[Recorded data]
────────

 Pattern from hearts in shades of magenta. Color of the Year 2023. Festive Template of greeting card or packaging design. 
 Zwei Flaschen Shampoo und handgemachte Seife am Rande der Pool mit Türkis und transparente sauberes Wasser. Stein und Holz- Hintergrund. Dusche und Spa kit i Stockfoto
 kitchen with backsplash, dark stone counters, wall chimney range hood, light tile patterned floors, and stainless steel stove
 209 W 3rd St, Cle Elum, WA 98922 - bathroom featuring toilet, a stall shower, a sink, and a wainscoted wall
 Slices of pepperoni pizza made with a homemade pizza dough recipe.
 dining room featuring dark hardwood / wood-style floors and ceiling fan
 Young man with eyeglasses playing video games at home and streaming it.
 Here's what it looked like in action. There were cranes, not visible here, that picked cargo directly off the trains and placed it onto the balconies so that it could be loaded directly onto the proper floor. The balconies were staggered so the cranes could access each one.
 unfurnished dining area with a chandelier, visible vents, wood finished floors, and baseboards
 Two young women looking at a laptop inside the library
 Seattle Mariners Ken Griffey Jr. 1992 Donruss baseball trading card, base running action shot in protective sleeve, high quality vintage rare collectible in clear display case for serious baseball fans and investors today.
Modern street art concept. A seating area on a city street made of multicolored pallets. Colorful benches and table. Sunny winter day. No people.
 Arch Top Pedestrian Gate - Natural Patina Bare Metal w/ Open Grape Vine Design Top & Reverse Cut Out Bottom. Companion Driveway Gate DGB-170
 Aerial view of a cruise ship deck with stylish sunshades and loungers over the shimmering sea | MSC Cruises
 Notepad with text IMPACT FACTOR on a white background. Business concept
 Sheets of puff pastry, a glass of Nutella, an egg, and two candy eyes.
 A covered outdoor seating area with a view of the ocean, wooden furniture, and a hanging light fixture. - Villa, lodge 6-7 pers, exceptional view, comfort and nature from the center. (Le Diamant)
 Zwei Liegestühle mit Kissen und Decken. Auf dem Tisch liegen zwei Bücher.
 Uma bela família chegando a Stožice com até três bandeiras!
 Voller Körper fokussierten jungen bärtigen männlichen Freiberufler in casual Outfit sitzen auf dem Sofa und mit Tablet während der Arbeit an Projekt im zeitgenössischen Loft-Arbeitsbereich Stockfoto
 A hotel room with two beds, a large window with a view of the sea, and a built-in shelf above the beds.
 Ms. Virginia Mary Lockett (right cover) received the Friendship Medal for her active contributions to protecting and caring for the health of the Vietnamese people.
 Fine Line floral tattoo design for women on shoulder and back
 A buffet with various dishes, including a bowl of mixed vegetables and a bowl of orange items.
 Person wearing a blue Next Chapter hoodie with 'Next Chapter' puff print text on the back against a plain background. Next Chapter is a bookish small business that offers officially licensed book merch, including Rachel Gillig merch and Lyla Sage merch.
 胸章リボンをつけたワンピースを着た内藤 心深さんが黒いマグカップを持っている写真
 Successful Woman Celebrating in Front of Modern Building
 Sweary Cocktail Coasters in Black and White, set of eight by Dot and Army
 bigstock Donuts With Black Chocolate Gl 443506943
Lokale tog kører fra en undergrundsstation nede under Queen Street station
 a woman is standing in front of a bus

────────

:: Exercise objective ::
Where the records above contain a line with "胸章リボンをつけたワンピース", repeat that line and each later line through the end, exactly, and nothing more.

:: Solution for this exercise ::
 胸章リボンをつけたワンピースを着た内藤 心深さんが黒いマグカップを持っている写真
 Successful Woman Celebrating in Front of Modern Building
 Sweary Cocktail Coasters in Black and White, set of eight by Dot and Army
 bigstock Donuts With Black Chocolate Gl 443506943
Lokale tog kører fra en undergrundsstation nede under Queen Street station
 a woman is standing in front of a bus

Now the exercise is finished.